* [Your objective]: Begin at the line below that holds "Reqins BOOTS EVALINA CUIR VERNIS NOIR Sale" and end at the line that holds "Image de vidaXL", transcribing each line exactly and skipping any picture.

--- Data Enclosed Below ---

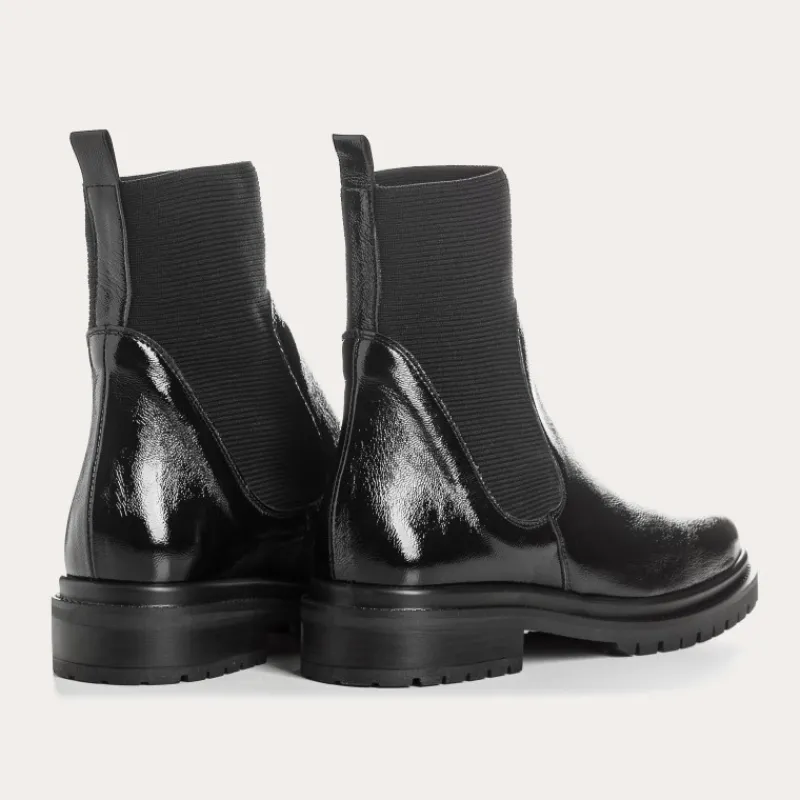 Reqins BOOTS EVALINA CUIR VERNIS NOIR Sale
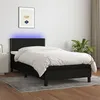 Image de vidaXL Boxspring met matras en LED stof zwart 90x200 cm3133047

--- End of Enclosed Data ---
--- Data Enclosed Below ---

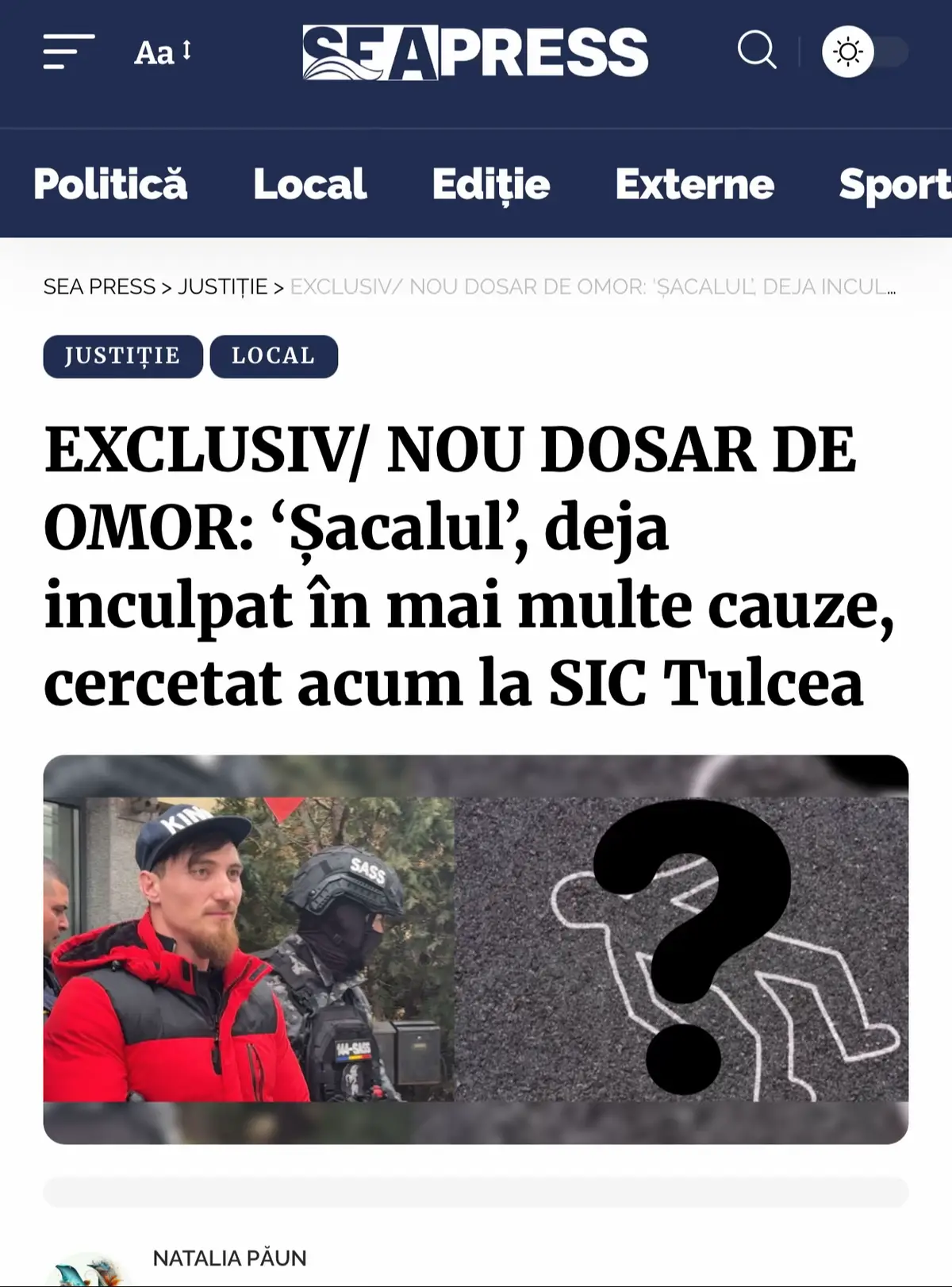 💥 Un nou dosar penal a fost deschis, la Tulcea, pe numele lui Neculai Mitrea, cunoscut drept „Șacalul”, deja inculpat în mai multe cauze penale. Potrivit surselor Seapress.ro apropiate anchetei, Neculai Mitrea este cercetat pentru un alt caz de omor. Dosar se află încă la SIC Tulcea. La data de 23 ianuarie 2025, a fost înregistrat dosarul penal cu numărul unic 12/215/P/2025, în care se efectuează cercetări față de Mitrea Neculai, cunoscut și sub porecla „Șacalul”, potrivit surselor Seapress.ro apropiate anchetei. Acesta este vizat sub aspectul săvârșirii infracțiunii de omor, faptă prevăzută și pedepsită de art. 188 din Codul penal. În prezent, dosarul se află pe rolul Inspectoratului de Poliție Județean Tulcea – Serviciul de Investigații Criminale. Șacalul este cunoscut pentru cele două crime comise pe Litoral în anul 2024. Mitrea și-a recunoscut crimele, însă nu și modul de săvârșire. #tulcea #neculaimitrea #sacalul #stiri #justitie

--- End of Enclosed Data ---

* [Solution]:
 Reqins BOOTS EVALINA CUIR VERNIS NOIR Sale
 Image de vidaXL Boxspring met matras en LED stof zwart 90x200 cm3133047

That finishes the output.